▶ **EXERCISE**
Reproduce the data exactly; no word may be added or dropped.

⁂

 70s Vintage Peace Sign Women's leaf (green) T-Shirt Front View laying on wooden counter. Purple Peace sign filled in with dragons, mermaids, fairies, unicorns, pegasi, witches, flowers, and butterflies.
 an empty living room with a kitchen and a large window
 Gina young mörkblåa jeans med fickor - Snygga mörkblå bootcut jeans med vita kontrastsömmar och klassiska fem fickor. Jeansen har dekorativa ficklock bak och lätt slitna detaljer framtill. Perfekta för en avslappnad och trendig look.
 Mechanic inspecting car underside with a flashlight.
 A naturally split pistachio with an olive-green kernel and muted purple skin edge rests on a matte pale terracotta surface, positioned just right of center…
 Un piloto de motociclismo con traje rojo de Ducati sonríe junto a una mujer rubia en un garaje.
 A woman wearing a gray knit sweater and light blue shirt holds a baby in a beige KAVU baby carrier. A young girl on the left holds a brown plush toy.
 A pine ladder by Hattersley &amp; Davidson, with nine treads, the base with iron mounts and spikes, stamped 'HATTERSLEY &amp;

⁂

▶ **ANSWER**
 70s Vintage Peace Sign Women's leaf (green) T-Shirt Front View laying on wooden counter. Purple Peace sign filled in with dragons, mermaids, fairies, unicorns, pegasi, witches, flowers, and butterflies.
 an empty living room with a kitchen and a large window
 Gina young mörkblåa jeans med fickor - Snygga mörkblå bootcut jeans med vita kontrastsömmar och klassiska fem fickor. Jeansen har dekorativa ficklock bak och lätt slitna detaljer framtill. Perfekta för en avslappnad och trendig look.
 Mechanic inspecting car underside with a flashlight.
 A naturally split pistachio with an olive-green kernel and muted purple skin edge rests on a matte pale terracotta surface, positioned just right of center…
 Un piloto de motociclismo con traje rojo de Ducati sonríe junto a una mujer rubia en un garaje.
 A woman wearing a gray knit sweater and light blue shirt holds a baby in a beige KAVU baby carrier. A young girl on the left holds a brown plush toy.
 A pine ladder by Hattersley &amp; Davidson, with nine treads, the base with iron mounts and spikes, stamped 'HATTERSLEY &amp;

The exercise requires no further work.